Training Spot Instance: meaning of parameters max_run and max_wait

Hi,

in the notebook sagemaker >> 05_spot_instances >> sagemaker-notebook.ipynb, we need to setup the parameters max_run and max_wait as said in the Hugging Face doc Spot instances.

However, there is no explanation about their meaning.

I searched more information the AWS SageMaker doc and found the parameters MaxRuntimeInSeconds and MaxWaitTimeInSeconds:

  • MaxRuntimeInSeconds: The maximum length of time, in seconds, that a training or compilation job can run.
  • MaxWaitTimeInSeconds: The maximum length of time, in seconds, that a managed Spot training job has to complete. It is the amount of time spent waiting for Spot capacity plus the amount of time the job can run. It must be equal to or greater than MaxRuntimeInSeconds . If the job does not complete during this time, Amazon SageMaker ends the job.

I guess that:

  • max_run = MaxRuntimeInSeconds
  • max_wait = MaxWaitTimeInSeconds

max_run

My question is: about max_run and in the case of the training of a Hugging Face model with Trainer(), what is a “training or compilation job”?

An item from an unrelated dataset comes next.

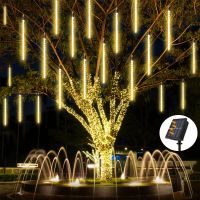 ??Original Product+FREE Shipping?? Solar LED Meteor Shower Rain Lights Holiday String Lights Waterproof Garden Light 8 Tubes 144 Leds Christmas Weddin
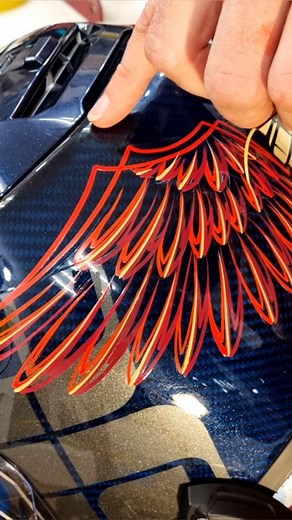 Addings for bike's and rider's heads #pinstriping #goldleaf #calligraphy #wings #brush #freehand #kustom #hotrod #moto #bike #helmet | Alexander Timchenko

  1. Is it the whole training job from the first step to the final one (ie, all the epochs)?
  2. Is it the training job by checkpoint (by epoch or by the number of defined steps) and separately, the evaluation job at the end of each checkpoint?

max_wait

My question is: about max_wait and in the case of the training of a Hugging Face model with Trainer(), what is a “managed Spot training job”?

  1. (same question 1 as for max_run) whole training job?
  2. (same question 2 as for max_run) training job by checkpoint?

cc @philschmid